*WHAT TO WORK ON*:
Go through the data and copy every line exactly, but not the images.

─── MATERIAL PROVIDED ───

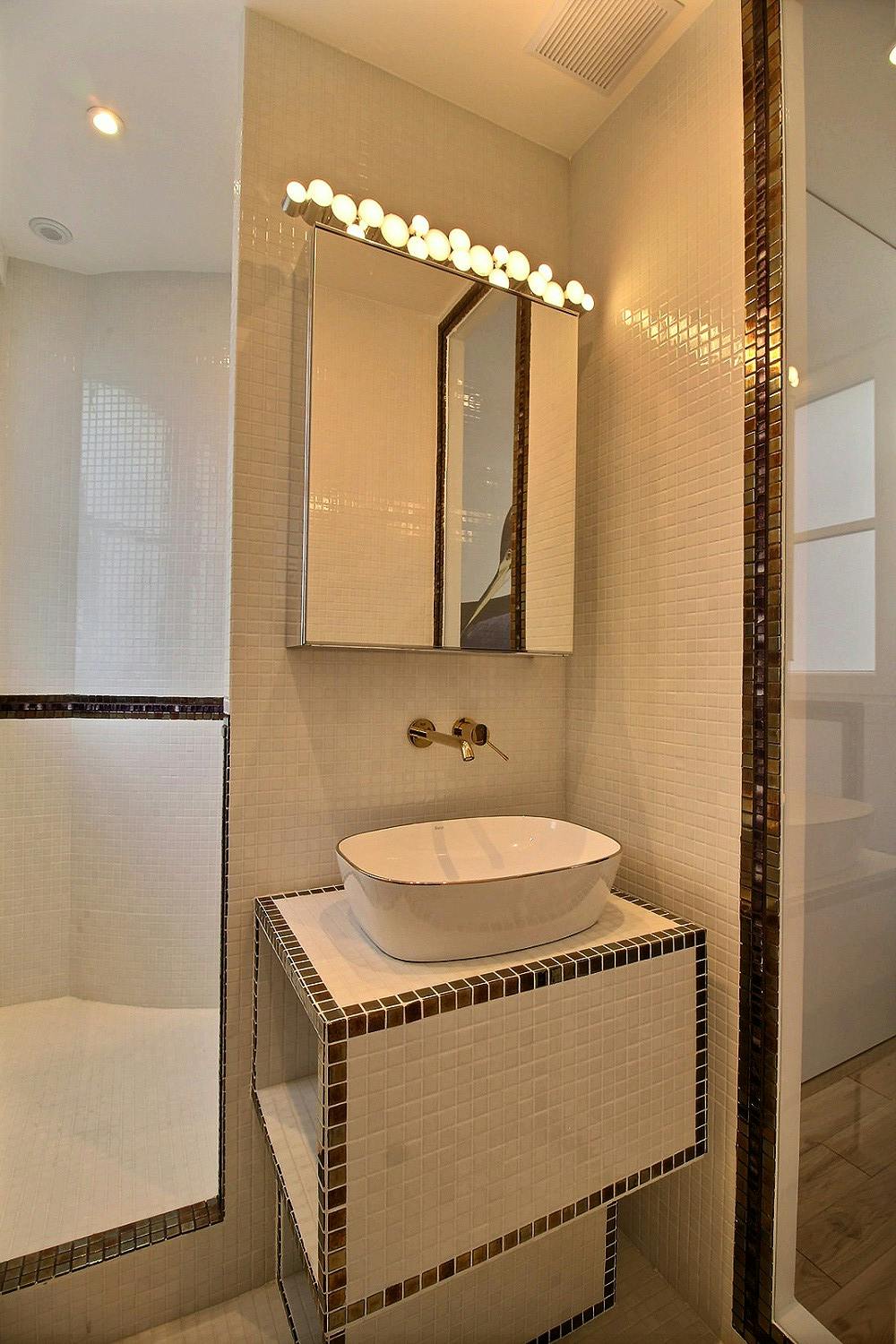 1-Bedroom Apartment in Rue Greffulhe, Paris (1176268) room image 10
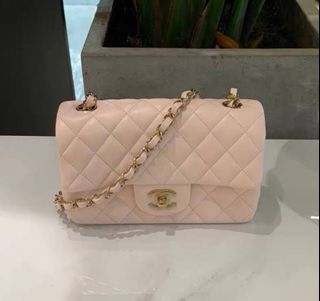(Category: ) located in . Submitted by millen.outlet (Listing ID 1463690971, Image 1). Description: .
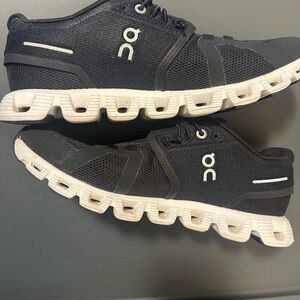 On Running Men's Black and White Athletic Shoes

───

*ANSWER SECTION*:
 1-Bedroom Apartment in Rue Greffulhe, Paris (1176268) room image 10
(Category: ) located in . Submitted by millen.outlet (Listing ID 1463690971, Image 1). Description: .
 On Running Men's Black and White Athletic Shoes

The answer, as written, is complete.